先進国の不正を正す取り組みはどうやったら広めることができるんだろう、、。
今のままじゃ、世界の貧困は解決できるわけないですね。
なんとかして現状を変えないといけませんね!
もっとみんなが知らなきゃ。
国際貢献という言葉の裏に、先進国の傲慢さが隠れていることを再認識しました。先進国が途上国を「利用」するのではなく、本来の意味で、各国が世界を良くしていくようになればいいなと思いました。
サウジアラビアについてのネガティブな報道はおそらくカショギ氏の暗殺事件くらいしか日本では伝えられてないかと。支援という聞こえのいい言葉にすり替えて実態を隠そう、知らないことにしようという姿勢は日本の大手メディアでは顕著ですね。伝えてくださってありがとうございます。
SDGsやESG投資などが最近の「トレンド」のようになっていますが、日本に住んでいてテレビ・新聞のニュースのみを情報源にしていると「どれだけ支援しているか?貢献しているか」ということが国際貢献のメインテーマになってしまう傾向があるように見えます。おそらく
アンフェアトレードに加担しない・気候変動の原因を作った国として責任の一端を担う必要があるということがもっと報道されてもよいのではないでしょうか。

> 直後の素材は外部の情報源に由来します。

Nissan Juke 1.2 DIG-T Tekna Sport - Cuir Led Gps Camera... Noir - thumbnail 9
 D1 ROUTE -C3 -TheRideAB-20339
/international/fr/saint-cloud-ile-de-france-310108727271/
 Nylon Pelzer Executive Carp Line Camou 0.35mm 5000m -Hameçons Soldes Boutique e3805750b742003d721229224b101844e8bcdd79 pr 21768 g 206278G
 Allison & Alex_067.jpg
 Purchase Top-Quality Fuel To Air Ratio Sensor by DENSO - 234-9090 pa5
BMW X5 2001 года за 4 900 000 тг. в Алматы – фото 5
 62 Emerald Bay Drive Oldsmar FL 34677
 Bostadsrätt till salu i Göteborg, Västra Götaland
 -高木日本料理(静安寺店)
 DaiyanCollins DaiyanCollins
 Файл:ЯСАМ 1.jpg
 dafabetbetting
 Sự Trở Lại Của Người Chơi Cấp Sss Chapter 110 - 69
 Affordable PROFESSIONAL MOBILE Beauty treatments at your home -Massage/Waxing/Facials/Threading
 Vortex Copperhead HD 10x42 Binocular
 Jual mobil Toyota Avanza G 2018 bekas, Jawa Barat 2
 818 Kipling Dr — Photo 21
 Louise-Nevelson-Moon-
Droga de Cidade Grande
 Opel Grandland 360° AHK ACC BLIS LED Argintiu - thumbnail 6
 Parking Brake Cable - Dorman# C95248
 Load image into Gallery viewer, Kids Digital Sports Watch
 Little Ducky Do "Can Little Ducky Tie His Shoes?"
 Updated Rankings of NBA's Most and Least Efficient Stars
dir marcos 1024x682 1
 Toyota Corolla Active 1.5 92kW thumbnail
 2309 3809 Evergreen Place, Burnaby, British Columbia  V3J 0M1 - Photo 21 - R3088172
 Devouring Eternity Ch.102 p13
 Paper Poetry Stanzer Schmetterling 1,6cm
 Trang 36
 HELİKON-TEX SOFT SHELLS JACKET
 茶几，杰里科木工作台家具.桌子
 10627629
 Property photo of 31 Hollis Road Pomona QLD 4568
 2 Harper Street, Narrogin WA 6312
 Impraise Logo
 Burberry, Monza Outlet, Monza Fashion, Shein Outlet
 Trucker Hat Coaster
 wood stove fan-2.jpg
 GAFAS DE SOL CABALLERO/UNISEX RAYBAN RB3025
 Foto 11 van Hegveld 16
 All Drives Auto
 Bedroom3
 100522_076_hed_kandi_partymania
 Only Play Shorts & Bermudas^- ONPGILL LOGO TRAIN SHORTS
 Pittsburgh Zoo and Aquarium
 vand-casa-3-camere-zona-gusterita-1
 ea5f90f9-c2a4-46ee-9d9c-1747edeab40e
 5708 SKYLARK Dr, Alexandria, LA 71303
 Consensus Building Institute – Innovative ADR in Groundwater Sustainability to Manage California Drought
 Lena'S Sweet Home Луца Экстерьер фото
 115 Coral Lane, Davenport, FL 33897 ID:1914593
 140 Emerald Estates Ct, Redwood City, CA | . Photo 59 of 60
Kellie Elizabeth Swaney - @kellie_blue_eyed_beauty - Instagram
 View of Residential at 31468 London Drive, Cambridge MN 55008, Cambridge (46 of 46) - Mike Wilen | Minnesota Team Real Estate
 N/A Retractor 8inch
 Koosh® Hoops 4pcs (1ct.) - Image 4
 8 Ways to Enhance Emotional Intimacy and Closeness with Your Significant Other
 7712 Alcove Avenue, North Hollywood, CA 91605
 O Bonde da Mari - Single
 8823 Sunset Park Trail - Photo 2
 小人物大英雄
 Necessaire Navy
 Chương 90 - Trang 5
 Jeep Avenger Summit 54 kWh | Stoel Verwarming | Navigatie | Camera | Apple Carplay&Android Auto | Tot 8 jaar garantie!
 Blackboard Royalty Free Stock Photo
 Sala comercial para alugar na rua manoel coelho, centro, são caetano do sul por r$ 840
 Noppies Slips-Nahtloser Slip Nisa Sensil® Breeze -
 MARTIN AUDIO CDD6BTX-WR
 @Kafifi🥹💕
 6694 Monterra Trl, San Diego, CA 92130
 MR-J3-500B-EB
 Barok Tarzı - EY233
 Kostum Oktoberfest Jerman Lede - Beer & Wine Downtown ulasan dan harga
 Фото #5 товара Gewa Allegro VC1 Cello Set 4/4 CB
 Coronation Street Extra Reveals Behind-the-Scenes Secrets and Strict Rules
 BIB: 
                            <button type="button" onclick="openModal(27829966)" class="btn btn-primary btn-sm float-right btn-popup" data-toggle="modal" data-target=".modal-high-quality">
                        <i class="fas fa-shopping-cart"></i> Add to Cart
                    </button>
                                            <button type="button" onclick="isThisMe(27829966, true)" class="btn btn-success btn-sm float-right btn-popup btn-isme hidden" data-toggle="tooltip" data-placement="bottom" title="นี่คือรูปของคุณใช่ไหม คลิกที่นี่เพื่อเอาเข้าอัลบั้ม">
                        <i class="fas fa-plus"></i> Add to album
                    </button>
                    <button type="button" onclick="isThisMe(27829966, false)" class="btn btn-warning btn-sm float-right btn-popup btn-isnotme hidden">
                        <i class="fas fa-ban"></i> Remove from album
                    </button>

国際貢献というのは、途上国の人々たちがもっといい暮らしができるようになるためではなく、国の利益や国の権力者の為に貢献しているような感じですね。
インターナショナルではなく、グローバル社会の為の貢献はされてるのでしょうか。
「助けてあげよう」という姿勢が、先進国出身者のボランティアにおける最大の問題だと思います。これは海外に対する国際貢献だけでなく、日本国内の被災者「支援」でも、同じ問題があると思います。